The 10 photos labeled ” Axles-1″ through “Axles-10″ show many of the steps involved, although I skipped the re-assembly of the wheelsets due to that being identical with the previously published work. I concentrated on actual fabrication of the axles in this part.
I used the same thick walled stainless steel tubing for these axles, cutting blanks slightly over 1.5” long.
axle 1 ⤵
Each blank is then chucked up in a 4-jaw chuck to make exact centering possible. 3-jaw chucks cannot center up parts precisely enough for making axles. The slightest error will show up in rough running engines. In the second photo, I have shown how to use a dial indicator to make certain you have very precise centering of the work piece before you start machining.
axle 2 ⤵
I took the photo with the lathe actually spinning so you could see how steady the dial indicator needle should be. It is barely quivering, so the fairly long exposure photo still gives a clear image of it. The point of all this precision is that after machining the first half of the axle, you have to flip it end for end and machine the second half and still get a very accurate axle out of it. Using the 4-jaw chuck and dial indicator and holding the needle movement to under 1/2 mil total movement, the axle is so accurate that it is hard to tell where the dividing line between the two halves is.
axle 3 ⤵
axle 4 ⤵
axle 5 ⤵
axle 6 ⤵
axle 7 ⤵
axle 8 ⤵
axle 9 ⤵
axle 10 ⤵
Note that stainless steel is a little “gummier” than cast iron or some other steels. It tends to squeeze over a bit on edges as you machine it. I just knock that off with a file in most cases, unless more precision is needed. On these axles, the hole tends to get filled in a little as the end is machined, so it is necessary to run a drill into it after machining to clear out the squeezed over material.

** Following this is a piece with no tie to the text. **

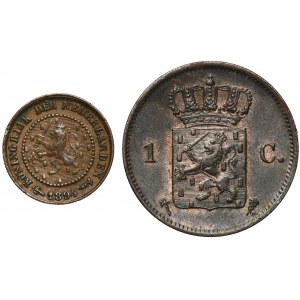 Set, Netherlands, Wilhelm III, 1/2 Cent and 1 Cent (2 pcs)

You have to take some very accurate measurements of the original axle diameters so bearing blocks will still fit properly and the wheels will still press on tightly. One problem I ran into was that the person who originally machined the great looking Baldwin Disc drivers did not get all the wheel thicknesses exactly the same. That meant I had to calculate the exact axle lengths separately on each wheelset to get the ends of the axles flush with the face of the wheels. I wound up with some minor errors, but they won’t be noticeable after painting, so I did not go to all the trouble of remaking the offending axle.
Another issue involved the axle with the gear on it. USH had knurled the center of that axle so the gear would be a press fit. I had to leave a patch in the center of the axle that was 0.002″ greater in diameter to compensate for that and get a good tight press fit on the gear.
In the photo “Trailing Trk”, I show how I fitted NWSL .145 profile wheels to the trailing truck.
trailing truck ⤵
Because the axle ends on the NWSL wheelsets are smaller diameter than the original USH ones, I had to bush the NWSL axle ends up a bit using short lengths of thin wall tubing. One thing you have to watch out for with the NWSL wheelsets is that they are insulated at the axle, not out at the rim. That makes it easy for the wheel to short against the journal block. I fixed that with a thin insulating washer as shown in the photo. You have to do the same thing for the lead truck, of course.